**WHAT YOU ARE ASKED TO DO**. Nothing but the lines below from the one containing "2025 Subaru Outback Onyx Edition photo 5" through the one containing "Used 2019 Mercedes-Benz" should appear in the answer, exact and without pictures.

**RECORD EXCERPTS**.

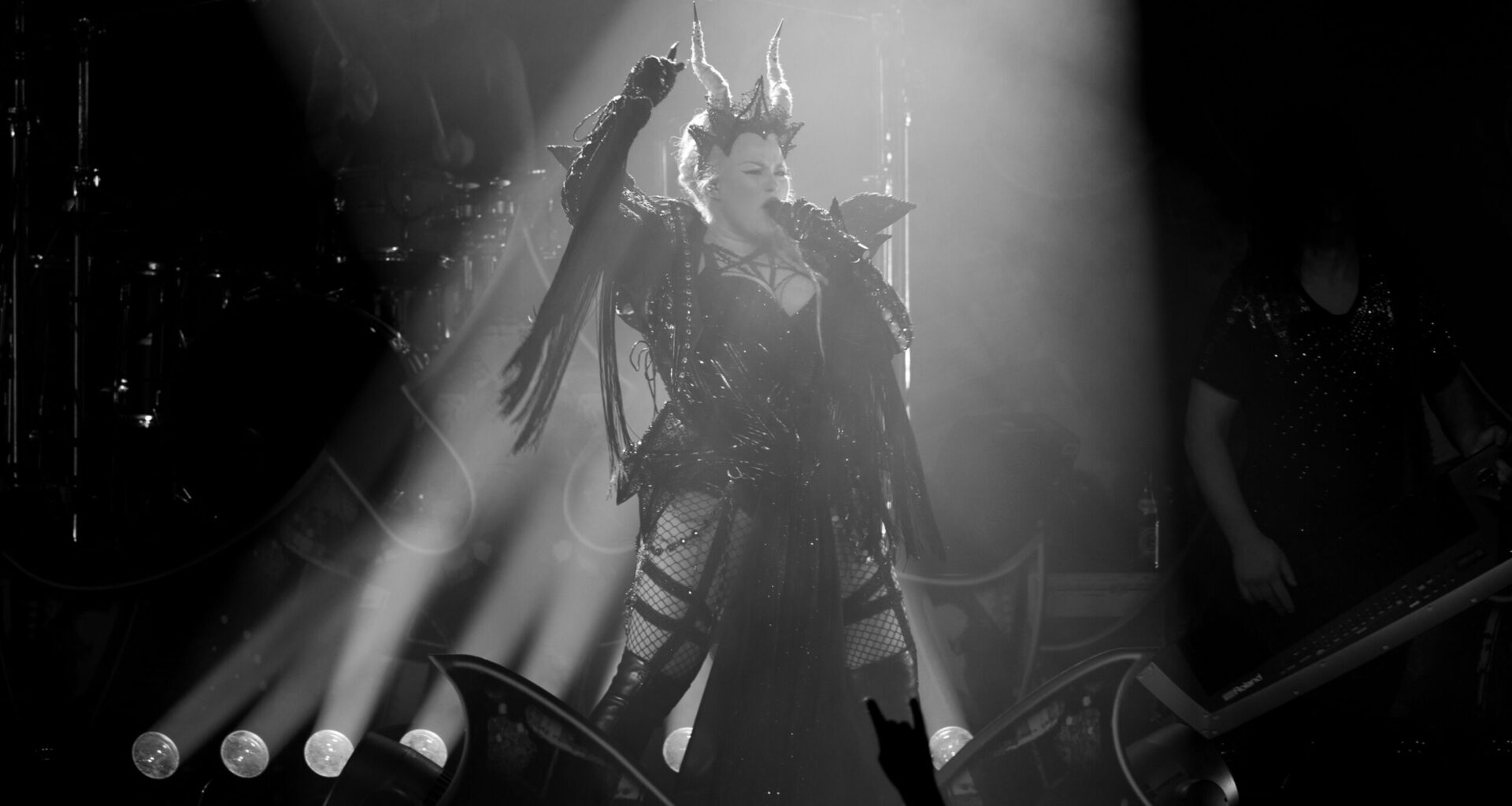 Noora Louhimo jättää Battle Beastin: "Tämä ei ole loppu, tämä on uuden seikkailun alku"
...
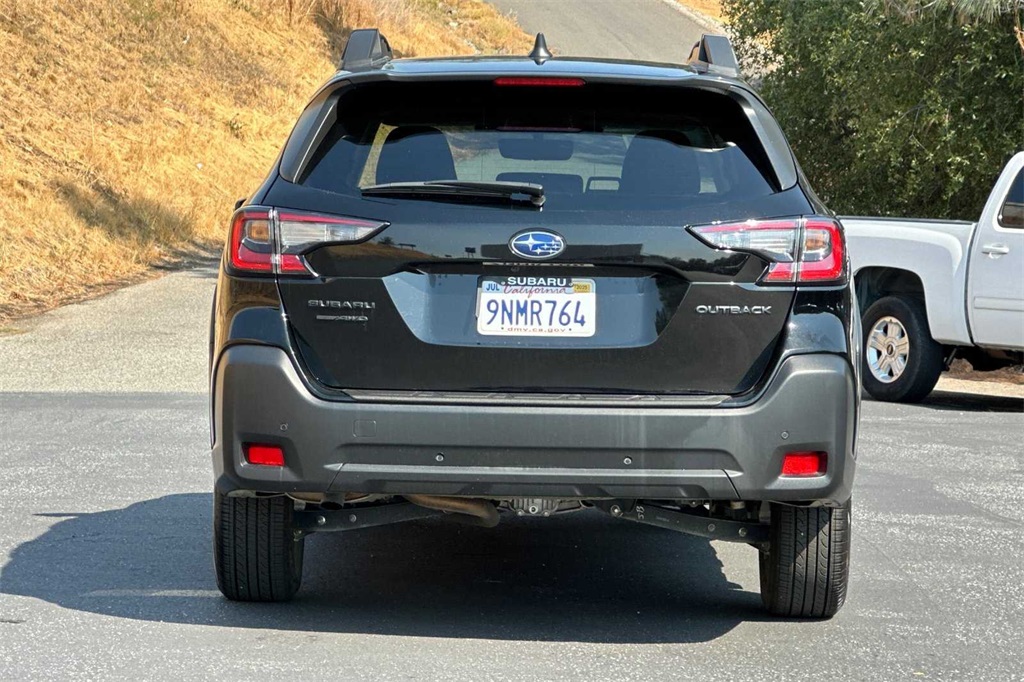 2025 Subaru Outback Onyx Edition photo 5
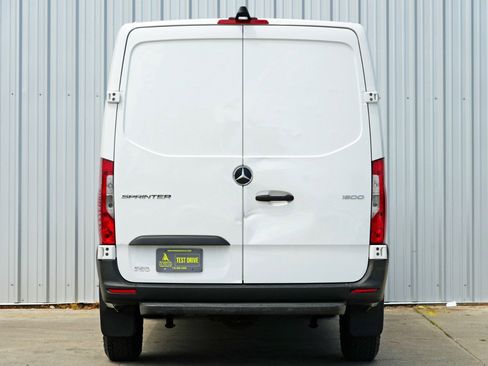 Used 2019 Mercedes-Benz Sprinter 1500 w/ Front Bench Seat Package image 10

**TASK ANSWER**.
 2025 Subaru Outback Onyx Edition photo 5
 Used 2019 Mercedes-Benz Sprinter 1500 w/ Front Bench Seat Package image 10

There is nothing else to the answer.